Anyway, I love the excitement of a swim meet even if I over-cheer. I routinely tell them that every drop of water is a metaphor for the dollars that add up to the scholarship I expect from them. When my 7-year-old came in NOT LAST (that’s all I can refer to it as, because to me she was third, but not really because there were 56 subsequent heats or meets or beats or something so it didn’t count), I yelled “AWW YEAAHHHH!!” as if an Olympic medal would soon be draped over her head . My husband (who actually is competitive and was a talented football player) had to pull me aside and explain that I had to curb my enthusiasm. I get it, I mean it’s a small town; certainly I don’t want to be the crazy lady who makes other kids cry. I’m just new to this whole team sports thing.
All of this confusion and celebration merged into an ugly cluster at one point. The aforementioned 7-year-old was about to swim in her first relay. I do not know if the mechanics were or were not explained, but whoever invented the relay–the ancient Greeks I suppose–should’ve written into the rules that parents need to shut the front door prior to the whistle. As my little girl was lined up in a row of other little girls facing another row of little girls across the other side of the pool, I crouched under the lifeguard chair and yelled “Go Violet! Good Luck!” at the exact moment the buzzer buzzed and all little girls ACROSS the pool dove in as well as my kid, as her teammates, coaches, and family screamed “No Violet! It’s not your turn yet!!” She was halfway across the pool when she realized it and had to swim back. In some incredible stroke of luck (pun definitely not intended), she was not embarrassed or upset. The coaches, all of whom are truly lovely, insisted it was all for fun and no worries.

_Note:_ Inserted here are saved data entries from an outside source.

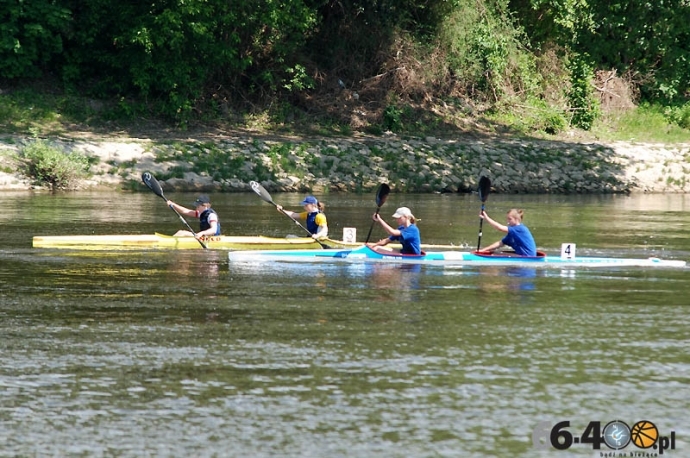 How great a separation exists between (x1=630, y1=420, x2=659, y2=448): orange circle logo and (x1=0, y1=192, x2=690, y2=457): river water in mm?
91

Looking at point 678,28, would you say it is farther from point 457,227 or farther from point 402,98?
point 457,227

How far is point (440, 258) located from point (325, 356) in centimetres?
841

Unfortunately, the mouth-foamer here was very upset that Violet didn’t know to wait until the other girls reached her before she jumped in to relieve them. I was about to ream the closest person when my husband plucked me back and shooed me away. It was then that I realized even if the teenaged coach forgot to explain or did and my kid zoned out, I am certain that my overenthusiastic thumbs up prompted her to prematurely jump in. To make matters even more confusing, she was immediately given a pink ribbon that said “heat winner” on it, the first among her other gold “participant” ribbons. Did they give this to her as a consolation for having a crazy mother? Despite her error, DID their heat win the heat or relay or was it all of the relays and heats together that they collectively won? I may never know. I had to promise my husband I would meditate or drink before matches to remain calm. In the meantime, I’ll start reading up on the rules. Because at this rate, I just can’t take the heat.